We tend not to think of our own time in terms of the history books, and we certainly don’t think about websites having their own chapters in them. But when the history of the early 21st century is written, Gawker—just as much Google, Amazon and Facebook—will stand tall as one of the most culturally significant websites of the adolescent web.
Gawker redefined journalism for the internet, for better and worse, by combining gossip, informed and intelligent opinion, outrage and snark with the old-world journalistic values of dogged reporting and holding elite feet to the fire.
But Gawker was never a two-sides-to-a-story publication. They never pretended to value objectivity in the way the sacred cows of journalism do/did, and they paved the way for the “news analysis”—that ubiquitous hybrid of of the opinion page and A1—that today makes up a significant chunk of the content you see in the Times, the Post and other lions of pre-web, Fairness Doctrine journalism. They gave everyone shit who deserved it, and some that probably didn’t.
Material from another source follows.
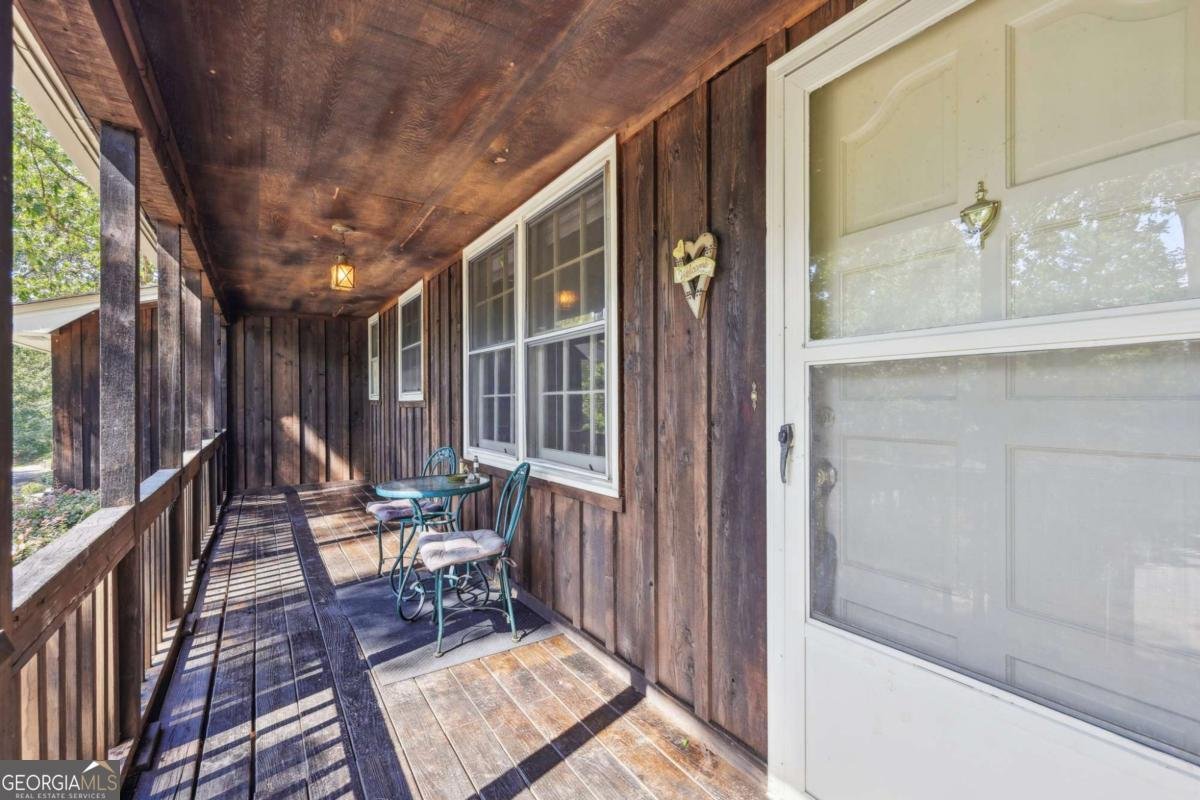 19 Roving Hills Circle Cartersville - 6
It was a scrappy operation of outsiders, many of whom are now insiders.
Some of the most interesting journalistic writers and editors working today cut their teeth there. Over the years, Gawker would launch the careers of Choire Sicha, Alex Pareene, A.J. Daulerio, Richard Lawson, Adrian Chen, Caity Weaver and…this could go on a long time. While often derided by critics as a trashy gossip site, they also broke a number of stories of lasting cultural impact, exposing abuses of workers by Amazon, hypocrisies of politicians, and the rumors of Louis CK (as a blind item) and Kevin Spacey’s sexual proclivities, years before they were legitimized by mainstream media. And let’s not forget the exhaustive investigation into whether your president’s hair is actually a $60,000 weave.
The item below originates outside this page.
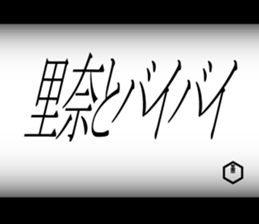 602962461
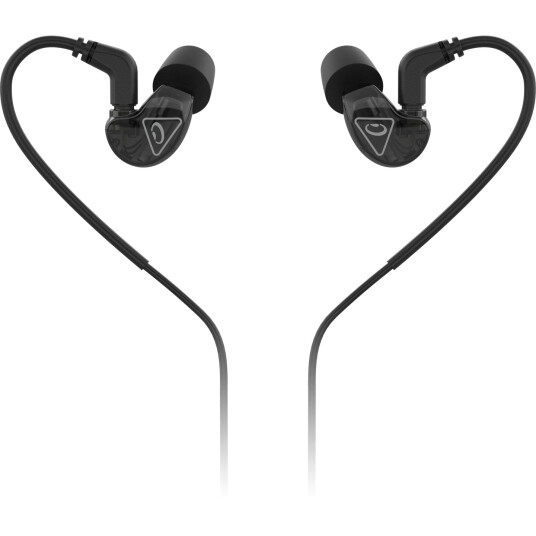 Behringer SD251-BT Behringer SD251-BT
In 2016, venture capitalist, PayPal co-founder and, at least during the campaign, mega Trump supporter and donor, Peter Thiel, who had been outed as gay by the publication in 2007, destroyed Gawker Media by financing Hulk Hogan’s invasion of privacy suit against the site—a case that ultimately led to a staggering $140 million ruling and drove the company into bankruptcy and out of existence. Also named in the suit were Nick Denton, Gawker’s creator, and Daulerio. Ultimately, the company was sold for parts, with Univision buying several of the remaining properties, but the eponymous flagship site was never revived.
Channeling Paul Ryan, Thiel explained his financial backing of the suit as though he were fighting for the little guy: “If you’re a single-digit millionaire like Hulk Hogan, you have no effective access to our legal system.”
Now Gawker.com is up for auction, and Thiel is petitioning a U.S. bankruptcy court to force the bankruptcy plan administrator in charge of the site’s sale to allow him the right to bid on it. The purchase would include the site’s archives, which presumably Thiel would write out of existence.
That can’t happen, especially in the political and cultural hellscape we currently find ourselves in. And in the spirit of it not happening, more than a dozen Gawker alumni (remaining anonymous so as not to endanger their current jobs) have launched a Kickstarter, hoping to raise $500,000 or more to finance the purchase of the site, with an eye toward relaunching it with a membership-funded model. Denton is not involved, but, at the very least, putting the site back in former editors’ hands saves the archives.
For $10, you’ll get updates on the project. For $25, they’ll throw in a laptop sticker. From there, your donations will score you a membership, and, if you’re a First Amendment crusader with cash (or half a bitcoin) to spare, you can be named a “Crypto Patron Saint” of the site. We encourage you to give with both hands. As the anonymous ex-employees so humbly and accurately put it, “Gawker was willing to chase stories that other outlets considered too risky or salacious. But the truth is often inconvenient, and Gawker's work isn't done.”